The second contemporary source, the interviews, will be created at a later stage of the project. As we expect numerous lacunae in the lemma list and constituents of the dictionary entries, the data gained from the corpus and also the historical sources will have to be completed with information gained from additional interviews conducted with Tunisian informants. This will be done during the third and the last field campaigns. The interviews will differ from those done in the first two campaigns as they will be semi-structured interviews that aim at the elicitation of lexical data absent in the corpus. Having collected plenty of dialogues, it is planned to also go for narratives in this phase of the project.

3.3 Historical Data

The historical aspect will be introduced by way of lexicographic items excerpted from print publications, especially the very rich lexical material contained in Singer’s monumental grammar (1984; almost 800 pages) of the Medina of Tunis, which hitherto has been difficult to use which is mainly due to a lack of an index2. Singer’s data will be evaluated systematically and integrated into the dictionary (the material will, of course, be indicated by reference to his book; however on account of the unclear copyright status it is not planned to create a digital version of the book itself). Additional resources (Nicolas 1911, Marçais/Guîga 1958-61, Quéméneur 1962, Abdellatif 2010) will also be consulted in order to verify and complete the collected data. The diachronic dimension will help to better understand processes in the development of the lexicon.

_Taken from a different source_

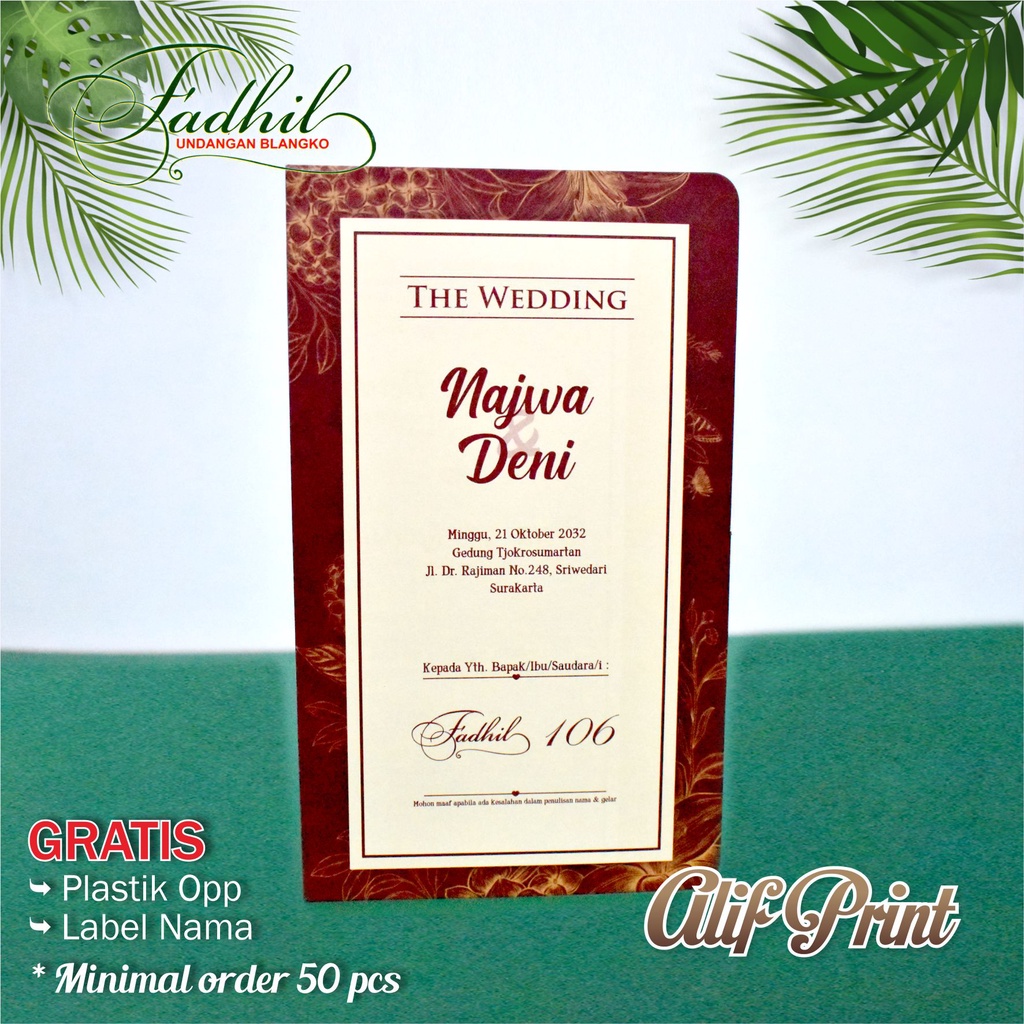 Cetak Undangan Pernikahan Undangan Khitan Undangan Murah Blangko Fadhil 106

The rich material gathered from young people whose parents are often not natives of the city of Tunis but have migrated to the capital from rural regions or other cities of Tunisia will hopefully enable us to analyse recent developments in the lexicon, particularly semantic changes including semantic shift, semantic reduction, and semantic extension of lexical items. Our diachronic approach will also make possible to determine the influence of other dialectal varieties of Arabic which in many cases are a result of the pan-Arabic satellite channels. One focus of the interviews carried out during our fieldwork is to gain newly coined vocabulary that appeared during and after the revolution of 2011, which had an immense impact on Tunisian society and hence also on Tunisian language. This vocabulary is, however, different from real youth slang that is often only used in in-group conversation. Studies on this particular field of the lexicon of Arabic dialects are extremely rare (the best publication on this topic is Caubet 2004 dealing mostly with Morocco).

As we are not mainly interested in the “pure and real” dialect we will also pay attention to the incorporation of foreign elements into the Arabic language as spoken in Tunis both with regard to semantics and morphology. The latter is characterized by a high degree of integration into the morphological frame of Arabic. Particularly verbs of foreign origin have to be adapted to Arabic patterns for the sake of inflection. A similar development is often found with pluralisation of nouns and adjectives. The direct connection of corpus and dictionary (see figure 1) will facilitate research on phrases, idioms and collocations. Apart from some very well-studied varieties of Arabic (especially Egyptian and Moroccan Arabic) phraseology and related subjects such as collocation have been largely neglected, mainly because of a lack of text corpora sizeable enough for these purposes. The linkage of dictionary and corpus will enable users to investigate in which way given lexical items are connected to one another.

4. Modelling the Dictionary Entries

In the world of digital dictionary production, a considerable number of competing formats co-exist. We are far from any real standardisation in the field and our paper will not resume the discussion as to which format is best suited for which task (cf. Budin et al. 2012). Let it suffice to state, that using the TEI dictionary module to encode digitized print dictionaries has become a fairly common standard procedure in digital humanities. However, it has been shown that the TEI dictionary module is also usable for NLP purposes (Budin 2012). Data modelling for our project has been undertaken with two perspectives in mind: (a) to achieve a high degree of interoperability with comparable dictionaries of other varieties of Arabic (already existing at the same department) and (b) to stay as compliant as possible with the ISO standard LMF (Romary 2013).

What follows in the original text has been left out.